Odile Jacob, 2017, 352 p., 26 €

Depuis près de trente ans, Dominique Schnapper s’interroge en sociologue sur l’état de notre démocratie. On lira donc, avec intérêt, ce recueil d’articles réunis thématiquement. Ils prolongent ou préparent les grandes synthèses qu’elle a publiées depuis la Communauté des citoyens en 1994[1]. Cet ouvrage articule, dans un horizon historique voire philosophique, données quantitatives, qualitatives, et analyses idéal-­typiques. Loin des essais personnels à la mode, ce recueil nous incite à réfléchir aux différentes facettes du vivre-ensemble contemporain.

Pour Dominique Schnapper, la centralité du politique dans les rapports sociaux est évidente et la notion de processus essentielle. La réalité n’est pas un donné qui s’impose aux individus, mais un ensemble d’interactions où l’État intervient tout comme la liberté des individus. Il n’y a ni «  dominants  » ni «  dominés  ». Pas de déterminisme, mais un jeu d’explications possibles, loin de tout dogmatisme.

La nation, cette « communauté de citoyens », l’inaliénable horizon universel, les institutions et l’égale dignité des citoyens chevillent toute sa réflexion. Si le politique est au centre de la connaissance sociologique, la relation à l’autre en est l’âme. L’écart entre les faits et les idéaux n’entraîne ni pessimisme ni dénigrement. Au contraire, il rappelle les défis auxquels nos sociétés sont confrontées et qu’elles doivent relever.

La première partie de ce recueil regroupe thématiquement des articles consacrés au lien démocratique.

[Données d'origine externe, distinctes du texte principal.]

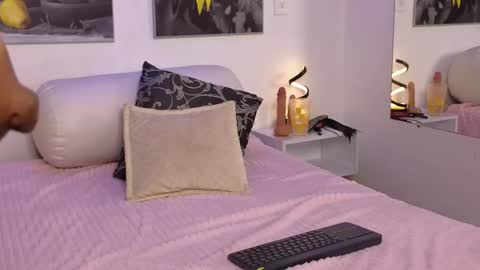 Briana Giil online show from 11-28-25, 08:00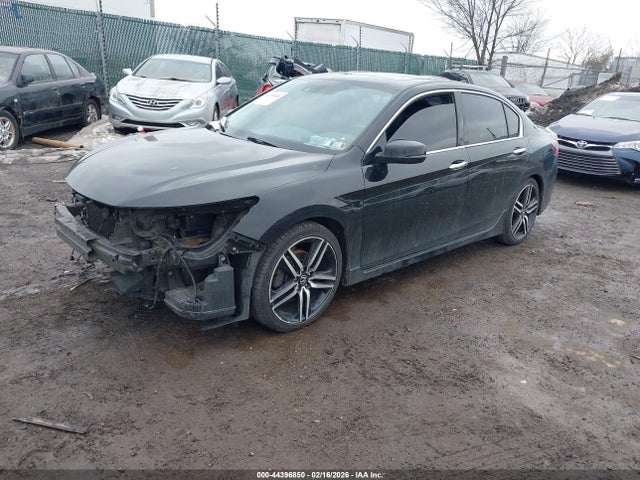 1HGCR3F96GA019085 Honda Accord Touring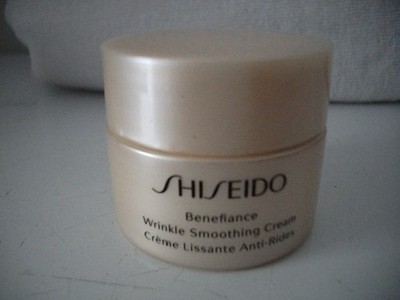 Shiseido Benefiance Wrinkle Smoothing Cream 30 ml Neu 16 Euro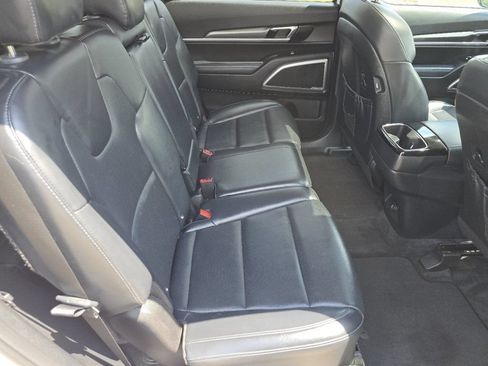 Used 2020 Kia Telluride S w/ S 8 Passenger Seating Package AWD/4WD image 21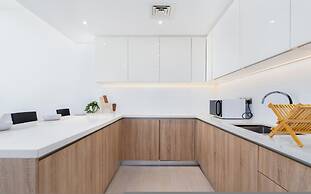 Modern 2BR at Liv Residence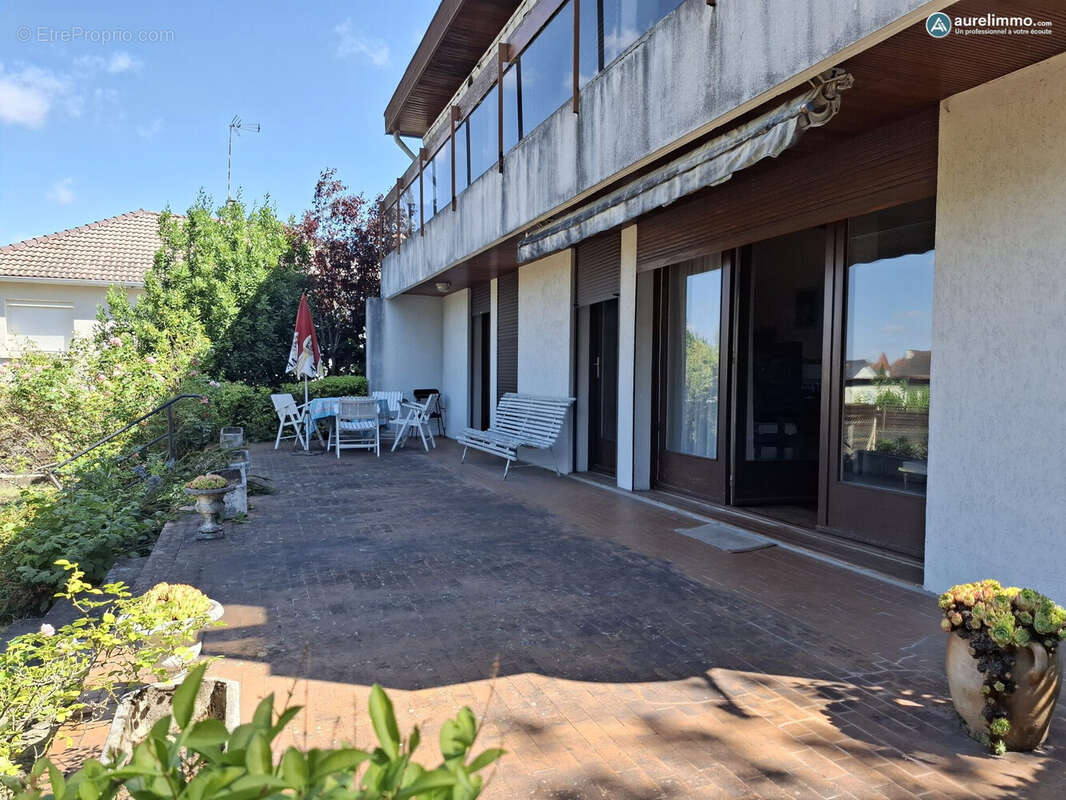 terrasse - Maison à MONTLUCON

Quels sont les rapports que la nation entretient avec le citoyen, l’étranger, l’universel ? Les passions et les revendications de l’ethnico-religieux se renouvellent : les individus «  bricolent et recomposent les éléments  » pour répondre à des besoins de reconnaissance. Si l’on parle d’intégration et d’exclusion, il faut admettre qu’il n’y a pas de catégories figées et préciser que l’on a affaire à des trajectoires de vie individuelles. Et constater aussi que la nation recèle une ouverture potentielle aux non-citoyens. L’État providence peut, hélas, avoir des effets pervers, produire des assistés prêts à se sentir victimes et conduire à l’indifférenciation. En promouvant l’idée de l’égalité, nos démocraties risquent de méconnaître les limites qu’impose la vie en commun. Mais la citoyenneté, malgré son abstraction et sa séparation avec le religieux, tisse des liens invisibles au-delà de la déliaison individualiste et de la prééminence de l’économie sur le citoyen. Pour l’auteur, une citoyenneté post-­nationale, purement civique, évacuerait la dimension affective et «  le lieu où se concrétise l’espace de la politique  ».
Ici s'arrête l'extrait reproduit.